#### What you are asked to do:
Go through the records and extract every line with the word "Fotos".

** Opening Stored data block **

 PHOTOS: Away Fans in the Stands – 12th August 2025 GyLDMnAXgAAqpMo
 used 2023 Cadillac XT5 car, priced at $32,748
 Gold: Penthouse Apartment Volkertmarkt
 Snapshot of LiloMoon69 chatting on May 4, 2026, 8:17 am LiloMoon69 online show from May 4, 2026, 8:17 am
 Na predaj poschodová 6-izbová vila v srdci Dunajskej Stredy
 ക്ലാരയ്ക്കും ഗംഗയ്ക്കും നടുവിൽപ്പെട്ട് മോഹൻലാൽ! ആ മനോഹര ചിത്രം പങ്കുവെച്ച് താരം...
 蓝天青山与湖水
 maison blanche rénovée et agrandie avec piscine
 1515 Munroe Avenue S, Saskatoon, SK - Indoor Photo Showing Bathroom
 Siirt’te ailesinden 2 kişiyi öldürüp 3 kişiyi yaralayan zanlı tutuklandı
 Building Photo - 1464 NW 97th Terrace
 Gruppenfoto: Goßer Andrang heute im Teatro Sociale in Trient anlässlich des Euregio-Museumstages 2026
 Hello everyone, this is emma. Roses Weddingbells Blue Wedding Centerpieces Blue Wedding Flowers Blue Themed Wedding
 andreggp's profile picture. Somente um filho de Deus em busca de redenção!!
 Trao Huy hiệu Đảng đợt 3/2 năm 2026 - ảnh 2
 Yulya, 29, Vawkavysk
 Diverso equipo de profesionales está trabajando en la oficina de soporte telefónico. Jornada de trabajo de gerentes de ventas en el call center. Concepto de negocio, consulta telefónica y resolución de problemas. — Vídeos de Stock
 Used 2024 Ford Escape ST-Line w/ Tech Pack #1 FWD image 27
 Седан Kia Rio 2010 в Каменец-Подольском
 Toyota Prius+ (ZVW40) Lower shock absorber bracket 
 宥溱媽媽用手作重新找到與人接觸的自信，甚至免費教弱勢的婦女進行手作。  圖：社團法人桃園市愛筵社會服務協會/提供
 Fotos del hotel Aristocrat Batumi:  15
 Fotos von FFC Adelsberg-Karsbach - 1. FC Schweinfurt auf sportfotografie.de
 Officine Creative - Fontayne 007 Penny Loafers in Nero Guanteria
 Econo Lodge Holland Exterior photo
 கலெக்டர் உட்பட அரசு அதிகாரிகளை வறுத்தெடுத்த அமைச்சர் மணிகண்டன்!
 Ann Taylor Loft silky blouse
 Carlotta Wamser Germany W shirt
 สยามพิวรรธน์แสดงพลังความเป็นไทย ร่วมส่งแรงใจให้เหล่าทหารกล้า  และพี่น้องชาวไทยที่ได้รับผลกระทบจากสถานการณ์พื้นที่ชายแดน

** Closing Stored data block **

#### Task solution:
 Fotos del hotel Aristocrat Batumi:  15
 Fotos von FFC Adelsberg-Karsbach - 1. FC Schweinfurt auf sportfotografie.de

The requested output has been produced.